Recently, Product Hunt shut down Sip, their project that covered breaking news in the tech industry in a bite-size, tap-to-go-next format similar to that of Instagram, Snap, Facebook, and WhatsApp stories. Although Sip slowly built up a large userbase of over 100k unique monthly users, Ryan Hoover and Product Hunt quietly discontinued the app in early 2019 and new stories immediately stopped populating the app—read on to find out why.

Why did Sip fail and shut down?

In essence, Sip entered the "tech news" field at an awkward time. They had to compete for attention against early-morning email newsletters, constantly-updated Twitter and Facebook feeds, and other channels to essentially be relevant and because their strategy was releasing silent daily notifications at 5 pm, this effort was much more difficult. It would be redundant to read news as it broke on Twitter, for example, and then get another report on it on Sip—people wouldn't be inclined to check a news app for things they've already classified as old.

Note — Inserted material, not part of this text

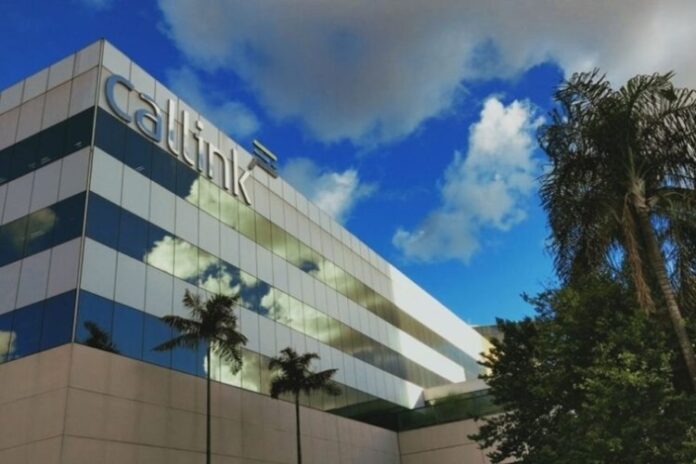 Callink compra a Algar Tech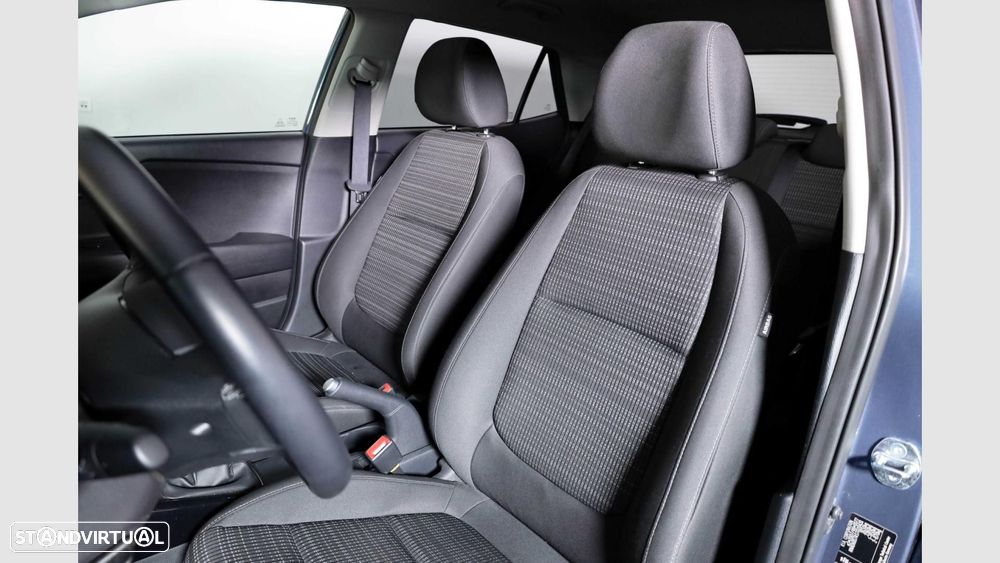 Kia Stonic 1.0 T-GDI Drive - 16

On top of this, Sip's newsletters tapped into the ever-shortening attention span and inclination to quickly-digestible content by condensing long articles down into single sentences to describe the public release and context behind a new product, funding round, etc. Although truly ambitious, I believe that this posed a difficulty as well in that generally, with news reports in the tech industry, I like to read longer articles that go into depth about previous funding rounds, startups doing similar things, etc. and having a model that relies deeply on being able to digest tech news quickly goes against this form of longer reads.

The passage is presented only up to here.